Habías terminado el rezo del rosario con la gente, en la capilla de la aldea, como lo hacías a diario. Estabas cerrando la puerta de la capilla. No había luz eléctrica en la aldea. Tu linterna de mano no habría alcanzado para aluzar a los matorrales cercanos. Ni tú podías imaginar que una metralleta te estaba apuntando cobardemente desde la oscuridad. En el trópico la noche cae casi de golpe. Otro catequista, Flores, se quedó para acompañarte. Alguien aventuró:  

—Era a Flores a quien buscaban...  

Eso dijo alguien, y eso comenzó a decir la gente. Pero basta que a alguien se le ocurra una frase para que se convierta en voz común entre la gente.

—Era a Flores a quien buscaban...  

No lo creo. También el catequista Flores era buena gente. Si no catequista a tiempo completo, sí muy próximo al grupo de evangelización.  

—Es que Flores tenía ideas políticas...  

Algo hay que decir. Lo malo es que los muertos no pueden hablar. Se produce un asesinato y todo son conjeturas. En todo caso, y aunque así fuera, ¿de cuándo a acá es delito tener ideas políticas? ¿Ni quién ha dicho que sea razón justificante o suficiente para asesinar a una persona?  

¿Qué ideas políticas puede tener un pobre campesino que no sean: su hambre endémica, o sus pies descalzos?
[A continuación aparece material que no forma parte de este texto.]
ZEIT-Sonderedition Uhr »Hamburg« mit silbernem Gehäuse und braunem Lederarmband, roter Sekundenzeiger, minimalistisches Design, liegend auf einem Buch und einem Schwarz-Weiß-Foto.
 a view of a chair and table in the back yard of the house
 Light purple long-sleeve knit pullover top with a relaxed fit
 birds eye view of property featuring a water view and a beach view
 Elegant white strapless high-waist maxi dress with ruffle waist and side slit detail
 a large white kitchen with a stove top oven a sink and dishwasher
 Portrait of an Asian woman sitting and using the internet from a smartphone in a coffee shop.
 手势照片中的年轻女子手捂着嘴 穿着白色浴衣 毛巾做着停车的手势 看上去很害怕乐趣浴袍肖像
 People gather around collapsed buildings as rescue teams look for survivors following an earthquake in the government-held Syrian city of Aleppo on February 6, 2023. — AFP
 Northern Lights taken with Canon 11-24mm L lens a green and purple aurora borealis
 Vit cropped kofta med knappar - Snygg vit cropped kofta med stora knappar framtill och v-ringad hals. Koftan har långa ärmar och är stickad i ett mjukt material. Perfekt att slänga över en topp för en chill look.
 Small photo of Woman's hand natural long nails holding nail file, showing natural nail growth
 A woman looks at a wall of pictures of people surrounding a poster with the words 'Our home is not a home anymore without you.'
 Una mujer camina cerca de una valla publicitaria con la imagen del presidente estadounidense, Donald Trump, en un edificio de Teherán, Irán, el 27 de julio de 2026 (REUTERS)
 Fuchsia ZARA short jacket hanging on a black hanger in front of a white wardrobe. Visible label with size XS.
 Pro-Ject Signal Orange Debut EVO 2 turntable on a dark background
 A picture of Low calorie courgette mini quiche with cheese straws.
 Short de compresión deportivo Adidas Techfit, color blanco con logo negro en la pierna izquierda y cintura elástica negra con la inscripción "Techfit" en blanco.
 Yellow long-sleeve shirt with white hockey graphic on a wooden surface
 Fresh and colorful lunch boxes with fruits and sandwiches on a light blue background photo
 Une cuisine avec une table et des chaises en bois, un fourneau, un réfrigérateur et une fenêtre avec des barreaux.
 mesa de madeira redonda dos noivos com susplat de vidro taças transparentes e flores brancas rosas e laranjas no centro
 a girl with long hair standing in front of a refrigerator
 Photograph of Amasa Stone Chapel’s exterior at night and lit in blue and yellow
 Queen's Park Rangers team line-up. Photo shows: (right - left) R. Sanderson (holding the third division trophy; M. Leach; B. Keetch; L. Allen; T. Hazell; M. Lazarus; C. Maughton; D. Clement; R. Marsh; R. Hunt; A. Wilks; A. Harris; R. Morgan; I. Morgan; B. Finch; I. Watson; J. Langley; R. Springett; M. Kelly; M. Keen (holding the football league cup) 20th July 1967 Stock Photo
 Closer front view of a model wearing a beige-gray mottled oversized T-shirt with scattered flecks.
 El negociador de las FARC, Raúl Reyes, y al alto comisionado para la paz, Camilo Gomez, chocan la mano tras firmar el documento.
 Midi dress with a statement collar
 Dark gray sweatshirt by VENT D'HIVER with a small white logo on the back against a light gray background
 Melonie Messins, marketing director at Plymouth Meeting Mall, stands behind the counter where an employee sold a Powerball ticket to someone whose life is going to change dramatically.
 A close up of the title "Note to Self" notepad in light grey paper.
La selva, una vez más, se tragó el misterio.  

Y cuando unos meses más tarde mataron al presidente, al secretario, y al tesorero de la Acción Católica parroquial, ¿también ellos tenían ideas políticas?  

Y Benjamín, padre de quince hijos, el más fiel sacristán que tuvimos cuantos párrocos en aquella parroquia de Santo Domingo, Suchitepéquez, ejercimos, ¿también tenía ideas políticas? Lo único que tenía era una honradez y fidelidad a carta cabal. Padre de quince hijos, sin más sueldo que el que recibía de la parroquia. Hombre bueno entre los buenos, y humilde entre los humildes. Siempre me acompañaba en los largos recorridos que a diario había que hacer por aquella inmensa parroquia rural. Su abnegación y piedad eran increíbles.  

¡Qué duro resulta evocar estas cosas! Si lo hago, es por la sola razón de justicia: Porque sois los santos que con más certeza estáis en el cielo. Aunque tal vez nunca ni nadie se acuerde de canonizaros.  

Lo hago también por un motivo personal: el cariño y agradecimiento que os tuve y conservo.  

Lo hago como un sencillo homenaje y recuerdo en el tiempo, a vosotros, mis queridos cristos mártires catequistas, descalzos unos, con caites de llantas de camión y rústicas correas de cuero, los otros.  

La sonrisa perenne en vuestros enjutos rostros indígenas, y la ternura y bondad inmensas en vuestro corazón, es lo que guardo en el mío. Os admiro. Os quiero.